## [Your goal]
Omit the pictures, but give back every entry below exactly as written.

(Stored data)
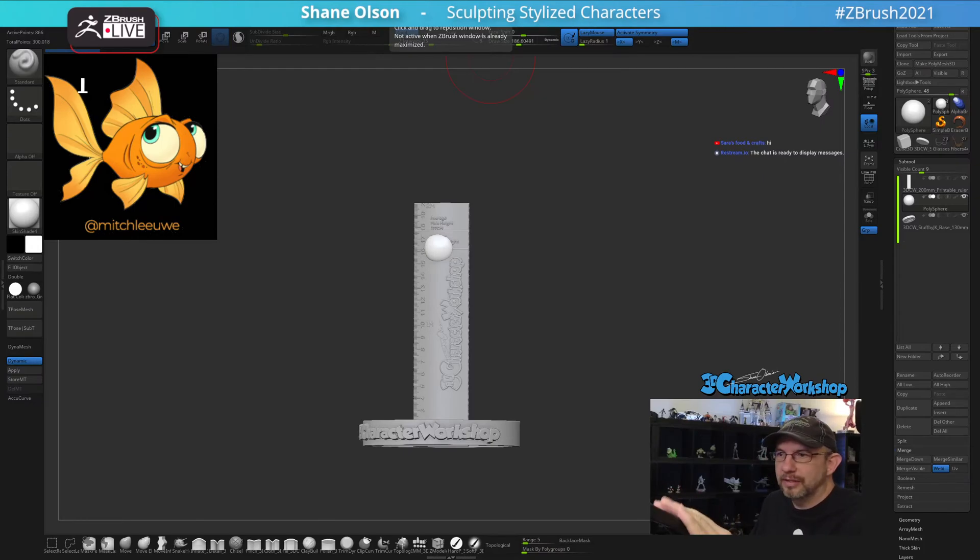Hello everyone, welcome to today's live stream. You may have noticed I have a slightly different camera. Let me put my headphones on to make sure I can hear. Today I wanted to do another fish — people liked the shark so much, I wanted to do another Mitchlee-style fish.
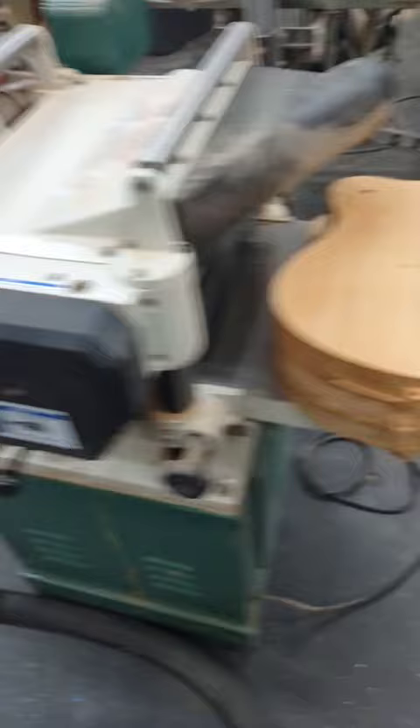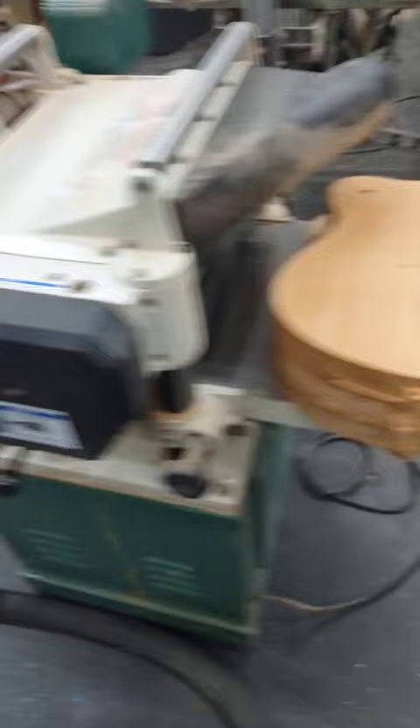Hey everybody, this is Matt at Texas Toast Guitars. Today I've got a stack of Challenger Level 1 bodies that I just picked up from Steve over at Maximum Guitar Works, and I'm going to fit these necks to them.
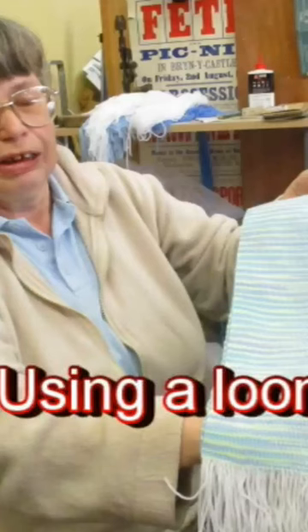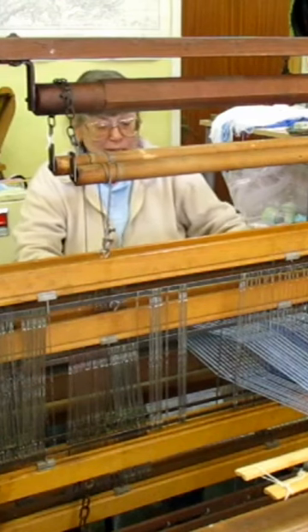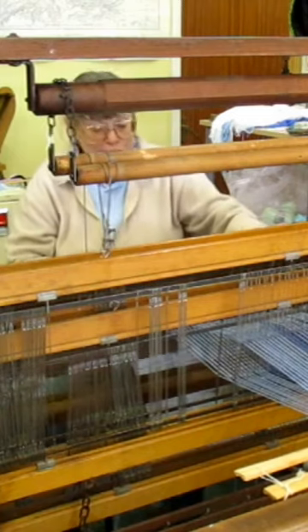This is a 1930s Harris loom. It's had many a previous owner, and it's a well-made machine.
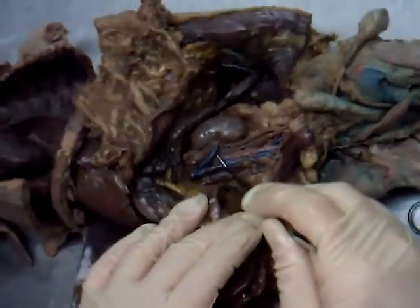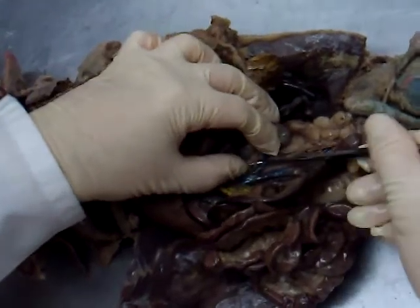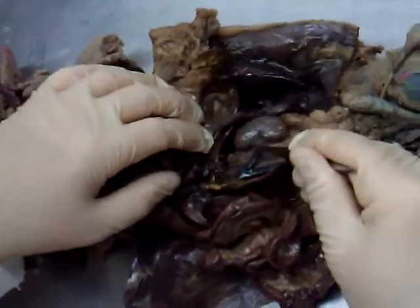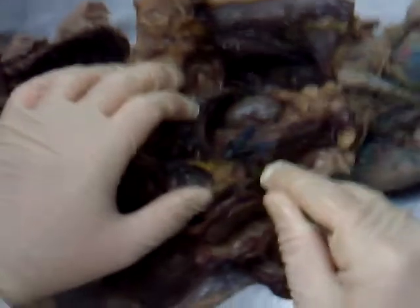Then another vein here — very nice. This is the renal vein, the left renal vein coming from the kidney. Right behind it, you see this little thing right here — that's the left renal artery. And right above the kidney, this little tiny bean-shaped structure here is the adrenal gland — the left adrenal gland.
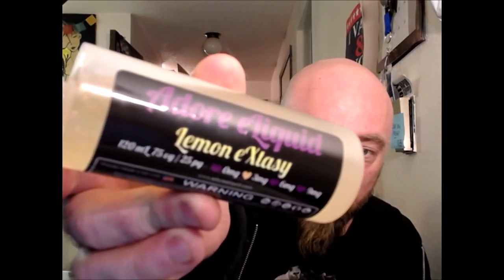I was lucky enough to get this one a little early. Dawn likes to keep her flavors to herself until she feels they're just about ready, then she sends them out to several beta testers. I happen to be one of the lucky ones. I wasn't going to review an empty bottle though, so I waited until I got the official packaging.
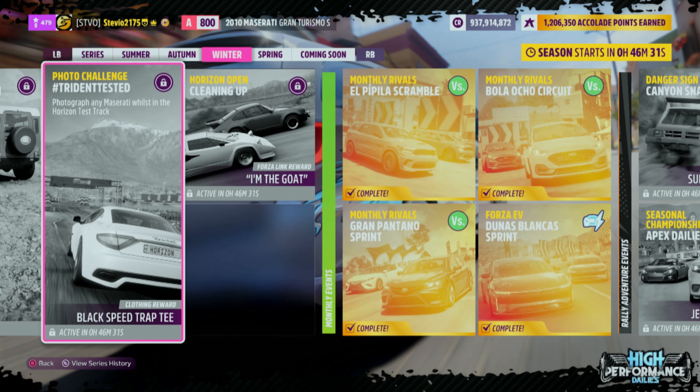Man, I feel like this is a forgotten feature — the Horizon Test Track. What's up everybody? It's your boy Stevio. Welcome back to the channel.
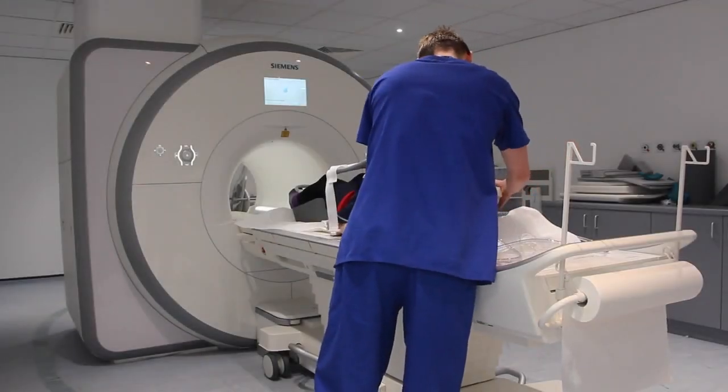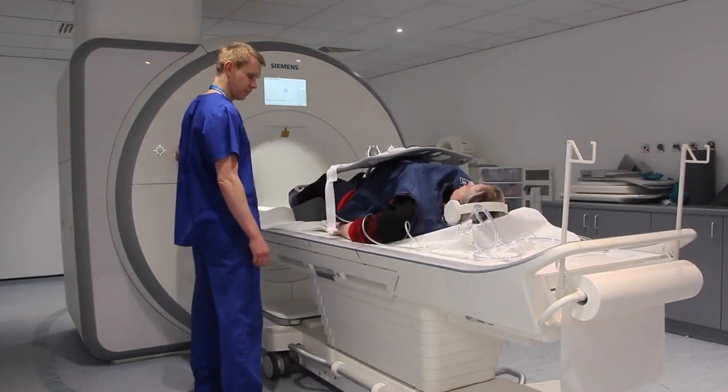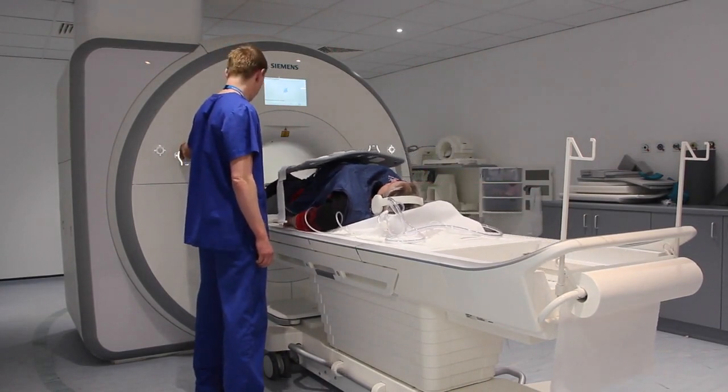Once positioned and comfortable, give the patient noise reduction headphones and advance the table into the magnet bore slowly. Reassure the patient at all times.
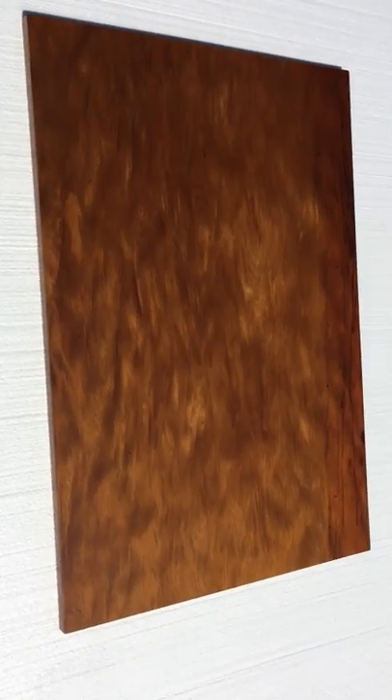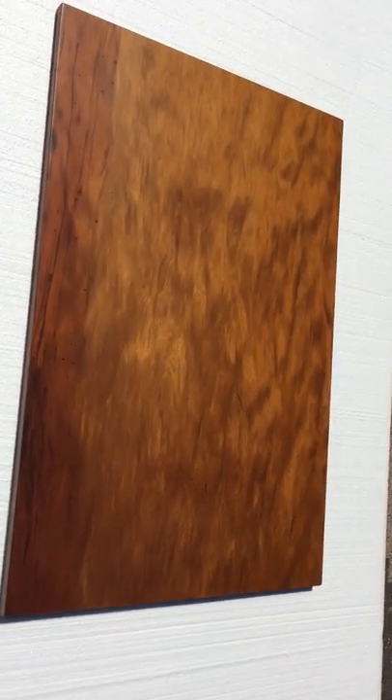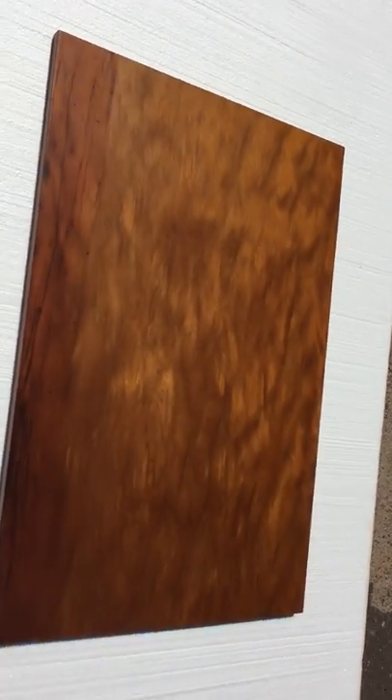We've done a few of these tables and there's some other video clips of the other tabletops, but this piece is available now. And the base for this coffee table — we often will put them on a temporary base. Today it's just flat on a white piece of foam. We'll work with the client to get them a table base, whether it's wood, metal. We've done a few other materials as well including ceramic. But look at the flame in this piece, it's such a beauty. Boom.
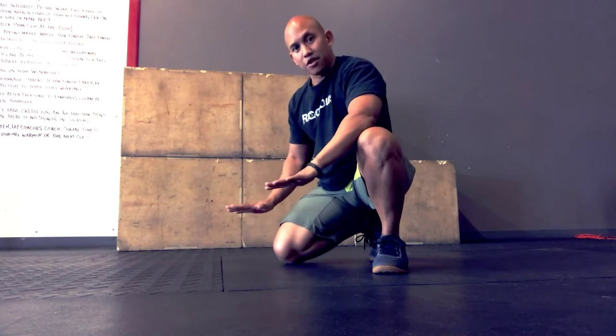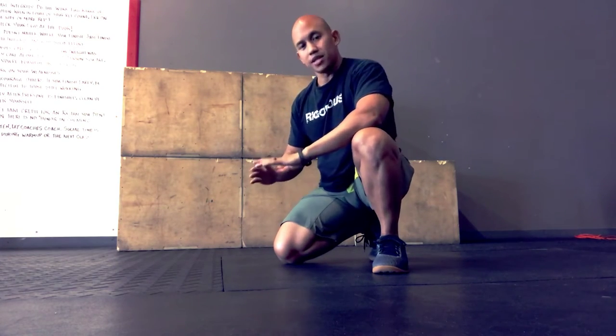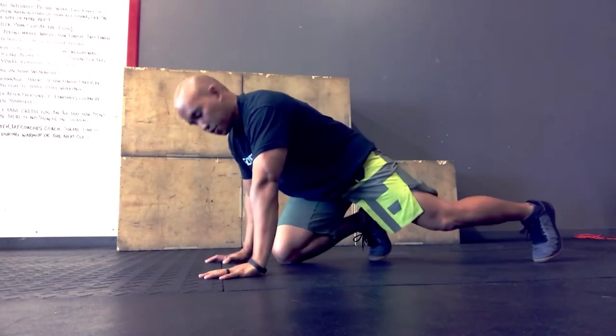With these chest tap push-ups, I'm going to come down in the push-up, chest to ground, and then tap my chest with my thumbs with each push-up. This is going to ensure that you get full extension at the elbow. Alright, look like this.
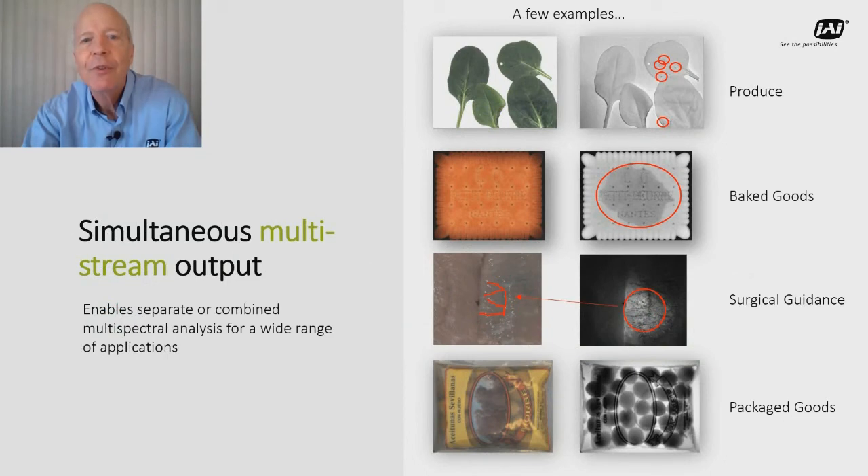Fusion series cameras capture and output images from these different spectral bands simultaneously with perfect alignment, thanks to the prism technology. This allows you to combine or overlay images for precise multi-spectral analysis for food sorting or inspection, agricultural imaging, life sciences, packaging inspection, and many other applications.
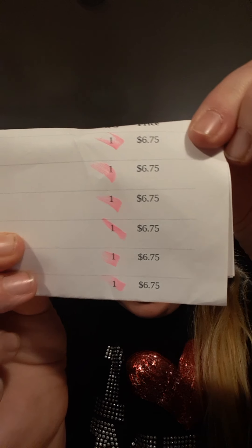At this time, her 8-ounce bags were $6.75 a piece — killer deal. Let me hide my address. $6.75 a piece. Love when she has these deals.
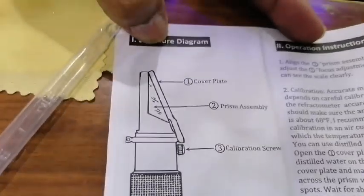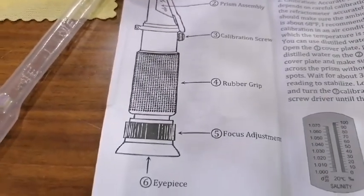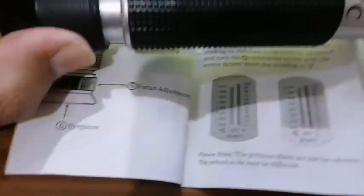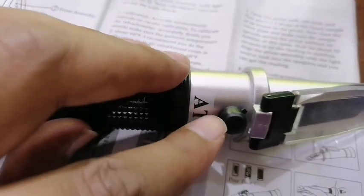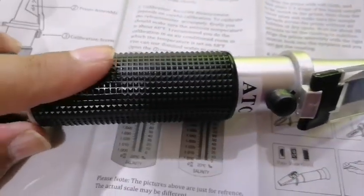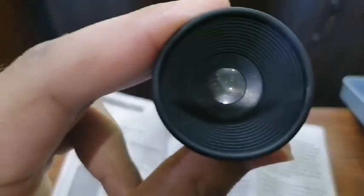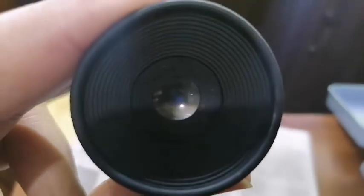The parts are: number one, the top cover plate; number two, prism assembly; number three, calibration screw; number four, rubber grip; number five, focus adjustment; and number six, eyepiece. Here are the parts — the prism, the screw for adjustment or calibration, the rubber grip, and the eyepiece for looking inside. As you can see, there is a little bit of blue color inside.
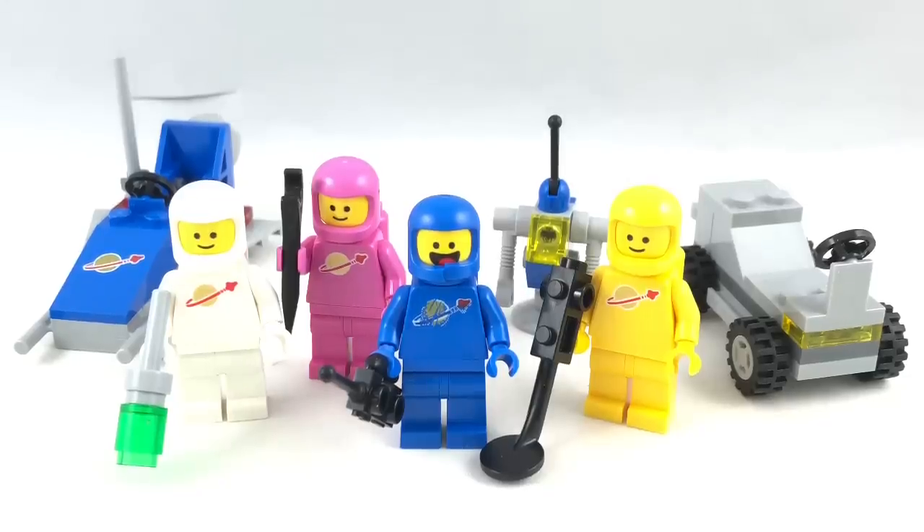Hello, Jess2Good here. Today we're taking a look at the Lego Movie 2 Benny's Space Squad set with 68 pieces, four minifigures, and it retails for $10 in the United States.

## [Answer space]
Hello everyone, welcome to today's live stream. You may have noticed I have a slightly different camera. Let me put my headphones on to make sure I can hear. Today I wanted to do another fish — people liked the shark so much, I wanted to do another Mitchlee-style fish.
Hey everybody, this is Matt at Texas Toast Guitars. Today I've got a stack of Challenger Level 1 bodies that I just picked up from Steve over at Maximum Guitar Works, and I'm going to fit these necks to them.
This is a 1930s Harris loom. It's had many a previous owner, and it's a well-made machine.
Then another vein here — very nice. This is the renal vein, the left renal vein coming from the kidney. Right behind it, you see this little thing right here — that's the left renal artery. And right above the kidney, this little tiny bean-shaped structure here is the adrenal gland — the left adrenal gland.
I was lucky enough to get this one a little early. Dawn likes to keep her flavors to herself until she feels they're just about ready, then she sends them out to several beta testers. I happen to be one of the lucky ones. I wasn't going to review an empty bottle though, so I waited until I got the official packaging.
Man, I feel like this is a forgotten feature — the Horizon Test Track. What's up everybody? It's your boy Stevio. Welcome back to the channel.
Once positioned and comfortable, give the patient noise reduction headphones and advance the table into the magnet bore slowly. Reassure the patient at all times.
We've done a few of these tables and there's some other video clips of the other tabletops, but this piece is available now. And the base for this coffee table — we often will put them on a temporary base. Today it's just flat on a white piece of foam. We'll work with the client to get them a table base, whether it's wood, metal. We've done a few other materials as well including ceramic. But look at the flame in this piece, it's such a beauty. Boom.
With these chest tap push-ups, I'm going to come down in the push-up, chest to ground, and then tap my chest with my thumbs with each push-up. This is going to ensure that you get full extension at the elbow. Alright, look like this.
Fusion series cameras capture and output images from these different spectral bands simultaneously with perfect alignment, thanks to the prism technology. This allows you to combine or overlay images for precise multi-spectral analysis for food sorting or inspection, agricultural imaging, life sciences, packaging inspection, and many other applications.
At this time, her 8-ounce bags were $6.75 a piece — killer deal. Let me hide my address. $6.75 a piece. Love when she has these deals.
The parts are: number one, the top cover plate; number two, prism assembly; number three, calibration screw; number four, rubber grip; number five, focus adjustment; and number six, eyepiece. Here are the parts — the prism, the screw for adjustment or calibration, the rubber grip, and the eyepiece for looking inside. As you can see, there is a little bit of blue color inside.
Hello, Jess2Good here. Today we're taking a look at the Lego Movie 2 Benny's Space Squad set with 68 pieces, four minifigures, and it retails for $10 in the United States.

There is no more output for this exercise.